HARLINGEN —Thanks to the use of upgraded technology, interventional cardiologists at Valley Baptist Medical Center-Harlingen are getting a clearer picture than ever when it comes to treating their patients.

The new tool, called instantaneous wave-free ratio (iFR), is used during testing to provide interventional cardiologists with the most accurate information possible on a patient’s blood vessels, said cardiologist Dr. Charles Mild. That information, Mild said, can help physicians make critical, timely decisions regarding a patient’s course of treatment, which can in turn help prevent unnecessary procedures and potential complications.

Instantaneous wave-free ratio is used during an angiogram – a procedure used to diagnose health issues related to heart disease using X-ray imaging to view a patient’s blood vessels. These images help physicians determine which vessels may be narrowed or blocked and require treatments ranging from stenting to help maintain blood flow to bypass surgery.

During the angiogram, interventional cardiologists use tiny catheters, usually inserted through a site via the groin, to inject dye into vessels which is easily seen in X-ray imaging. Through use of that imaging, interventional cardiologists can pinpoint lesions or areas of vessels that may be narrowed, causing a wide variety of symptoms from chest pain to shortage of breath. Left untreated, these lesions and narrow areas can cause serious health issues, including stroke and death.

While these images usually help interventional cardiologists choose the appropriate treatment for a patient, sometimes more precise details are required, Mild said.

“The diagnostic tool of choice is the angiogram, and we do hundreds of them every year. Most of the time, we as cardiologists see a tight spot in a vessel and we fix it and the patients do better,” Mild said. “But sometimes there are borderline issues, and now with this new technique we can measure the flow through the lesion and come up with a number that correlates with the success rate of your chosen intervention.”

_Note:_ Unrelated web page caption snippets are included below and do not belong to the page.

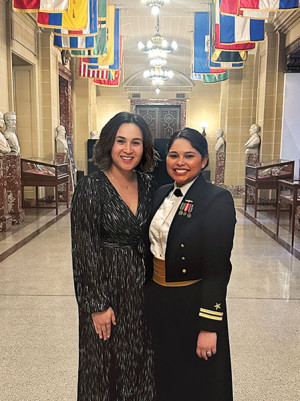 Two women, one of whom is wearing military dress, pose together, smiling in a hallway with flags hanging from the ceiling.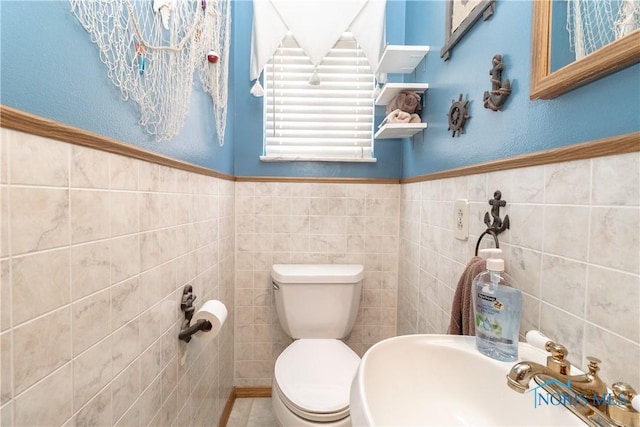 bathroom featuring sink, toilet, and tile walls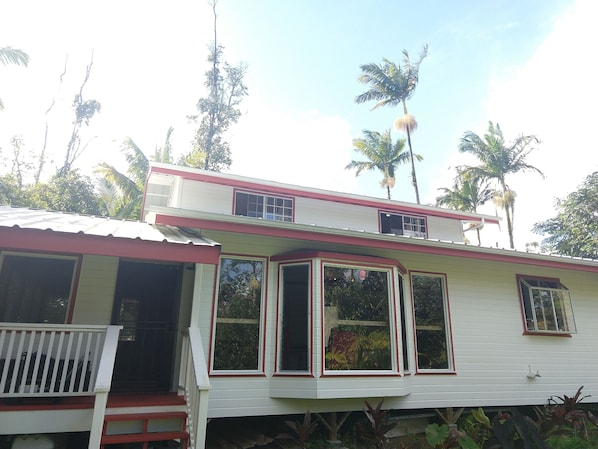 A two-story house with a red and white exterior, large windows, and a porch with a white railing.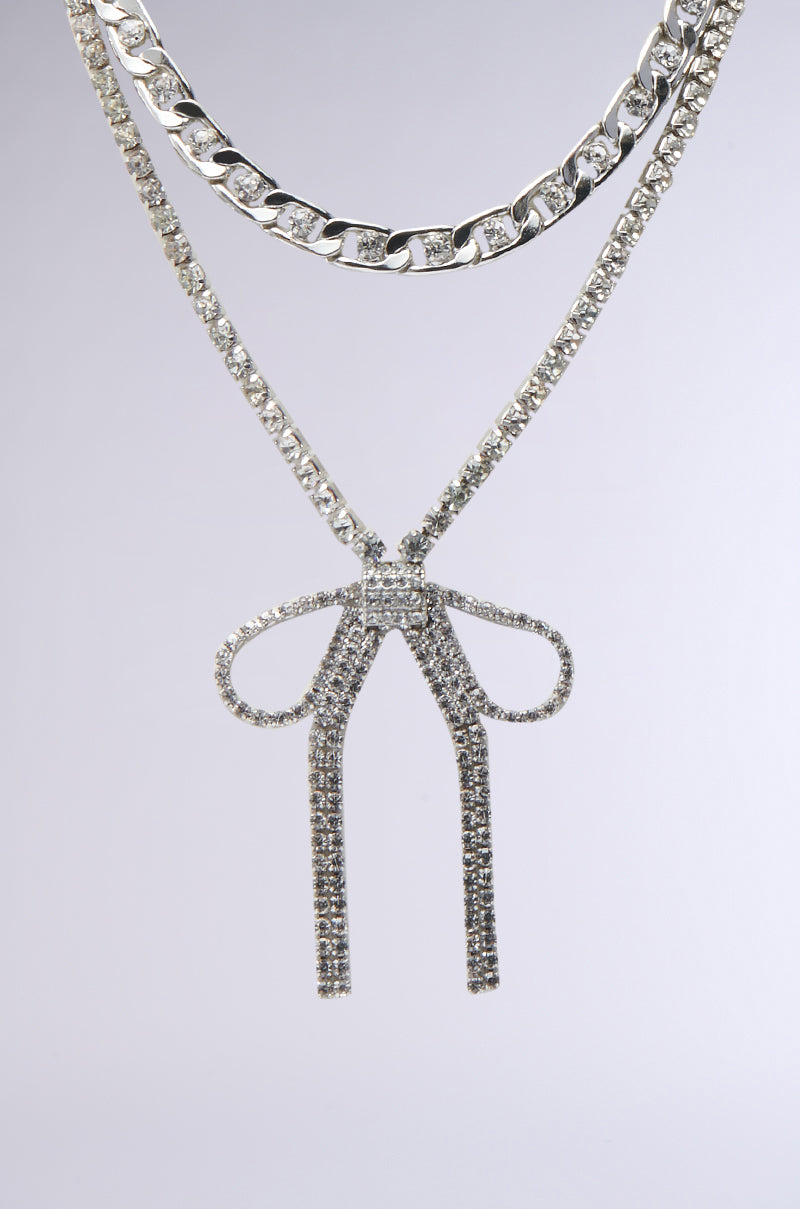 The WITH A BOW SILVER NECKLACE SET features two silver necklaces: a chunky chain and a slim necklace with a rhinestone bow pendant, displayed against a plain light gray background.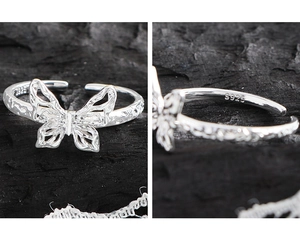 Close-up of S925 sterling silver butterfly ring showing texture and hallmark engraving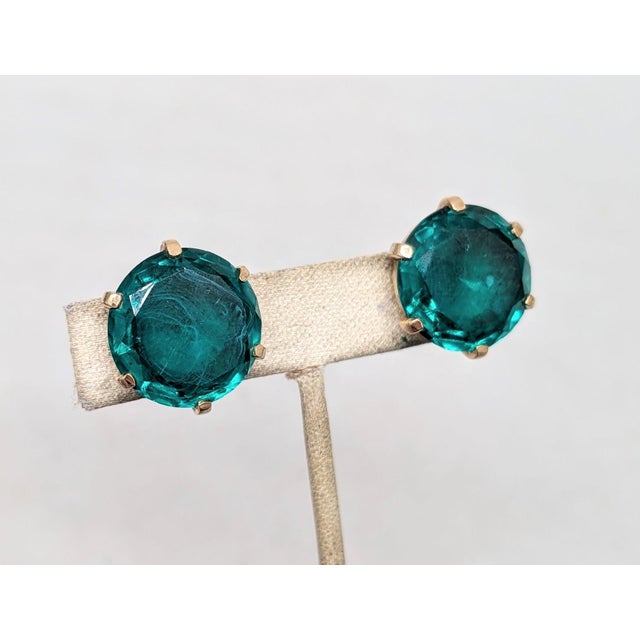 Early to mid 1950s round goldtone unfoiled open backed flawed faux-emerald clip earrings. Marked crown "TRIFARI" on the...
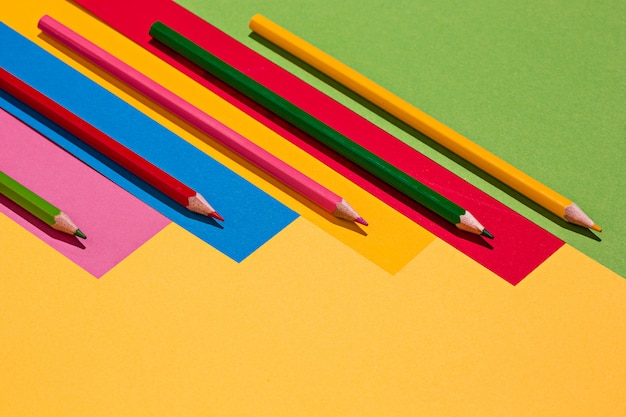 Lápices de colores y papel de color.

Mild said that with such accurate information, interventional cardiologists can help avoid unnecessary procedures which could lead to complications.

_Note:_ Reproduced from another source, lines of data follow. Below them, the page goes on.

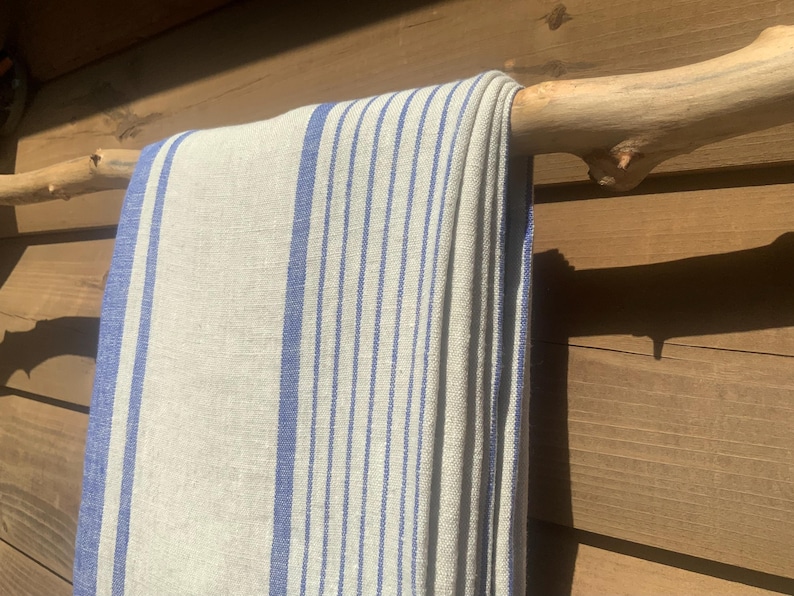 May include: A rectangular textile featuring a natural beige base color with vertical blue stripes of varying widths. The fabric is draped over a light-colored wooden branch, displaying a woven texture with visible threads throughout the material.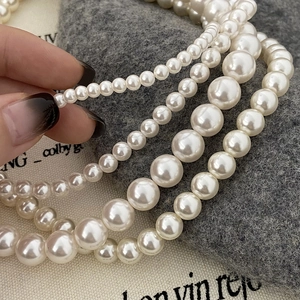Vue détaillée de plusieurs tailles de colliers de perles blanches superposés sur tissu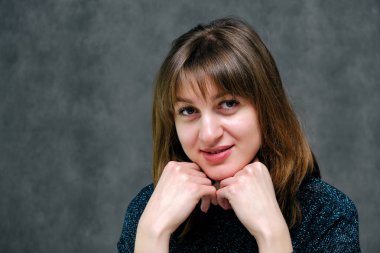 Kavram portre güzel genç esmer kadın yüzü gri studio kapatın. Mutlu gülen genç kız doğal makyaj ve güzel bir gülümseme ile. Gri bir arka plan üzerinde kadın portre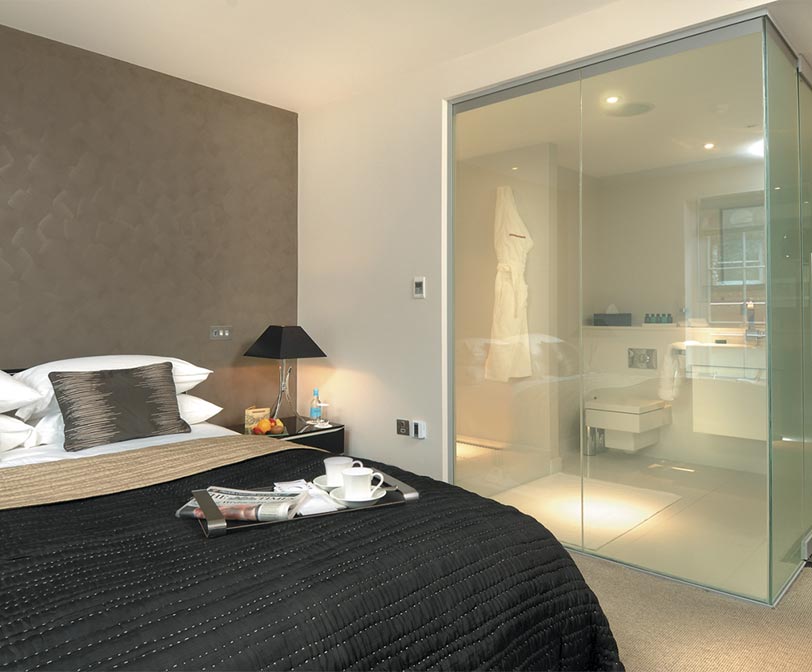 Hotel room bath with smart privacy glass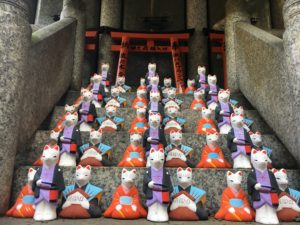 rows of small shite fox statues in formal Japanese clothing at Fushimi Inari Taisha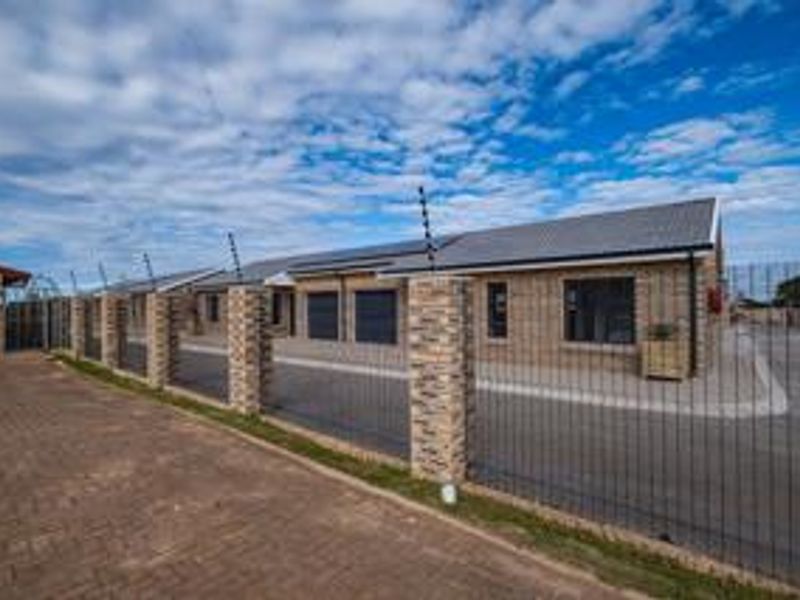 A modern townhouse exterior featuring a brick facade, tiled roof, paved driveway, and secure electric fencing with stone-clad pillars.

“When we use iFR and put in a stent, we are as close to knowing a patient needs it as we can possibly be,” he said.

A major benefit regarding the use of instantaneous wave-free ratio is that it is does not require additional equipment or medication, which may be more invasive for the patient. Mild said that during the angiogram process, the special wire is threaded to the location of a lesion or narrow vessel and placed across the area to take measurements.

Previously, interventional cardiologists at Valley Baptist-Harlingen utilized a tool called fractional flow reserve, which provides similar details on lesions and narrow areas in vessels. However, the use of fractional flow reserve required the use of drugs to dilate a patient’s vessels during the angiogram process, which could be uncomfortable for some patients, Mild said.

“With this new way of doing things, any time you can avoid giving a patient additional medication, the patient is better off,” he said.

While the diagnostic process and treatment options can sometimes be difficult to explain to patients, Mild said that benefit of performing successful procedures as a result of the data obtained through the use of instantaneous wave-free ratio is easy to understand.

“Previously, not all angioplasty trials have shown a benefit to the patient. The reason for that is that sometimes stents were not always placed in the right lesions,” he said. “With this new methodology, it’s more positive than ever that we’ve got the right vessel and we’ve found the culprit.”